━━ Dataset excerpt

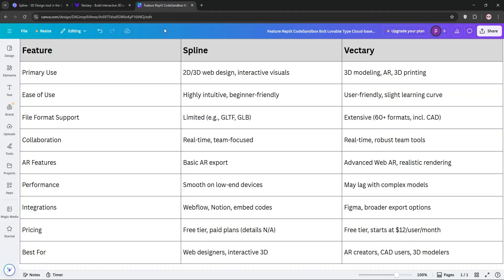So, how do they stack up? Spline is ideal for web designers needing quick, interactive 3D assets for websites. Its UI is sleek, but it's less flexible with file imports. Vectory, on the other hand, is a powerhouse for diverse 3D projects — from AR to 3D printing — with broader file formats and collaboration tools. However, it may require a stronger internet connection for smooth performance.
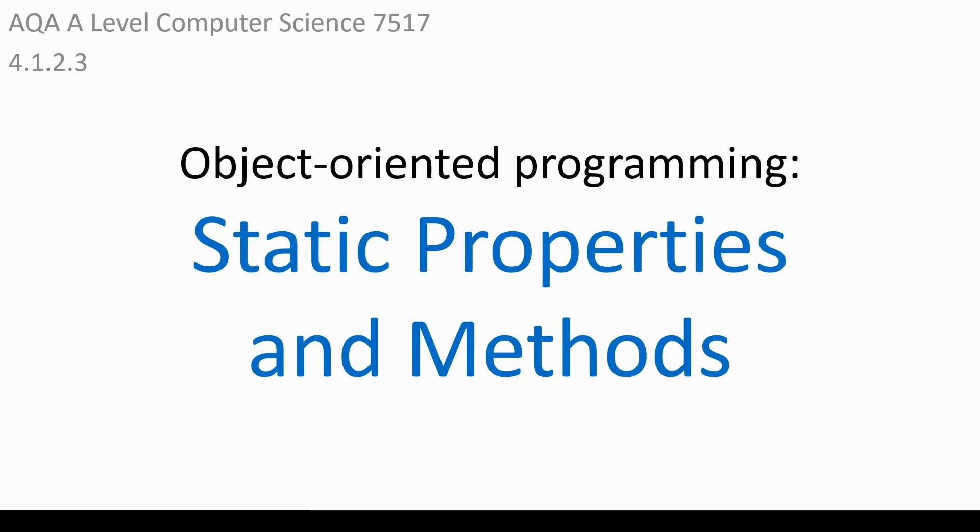We're going to start by having a recap of what properties and methods are in OOP, before having a look at some of the reasons why we might want to use what are called static properties and methods.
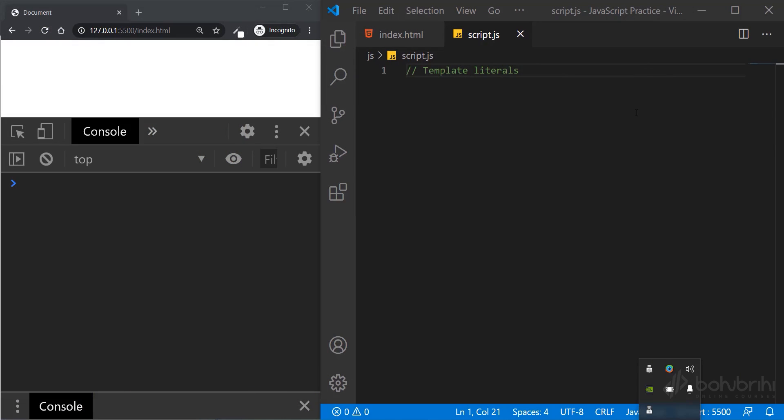Template literals is an ES6 feature which basically allows multiple line string output and variable interpolation. I'm going to show you some examples of the different use cases.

━━━━

● **Task statement**
Each line of the data must be transcribed exactly; pictures are not carried over.

● **Completed task**
So, how do they stack up? Spline is ideal for web designers needing quick, interactive 3D assets for websites. Its UI is sleek, but it's less flexible with file imports. Vectory, on the other hand, is a powerhouse for diverse 3D projects — from AR to 3D printing — with broader file formats and collaboration tools. However, it may require a stronger internet connection for smooth performance.
We're going to start by having a recap of what properties and methods are in OOP, before having a look at some of the reasons why we might want to use what are called static properties and methods.
Template literals is an ES6 feature which basically allows multiple line string output and variable interpolation. I'm going to show you some examples of the different use cases.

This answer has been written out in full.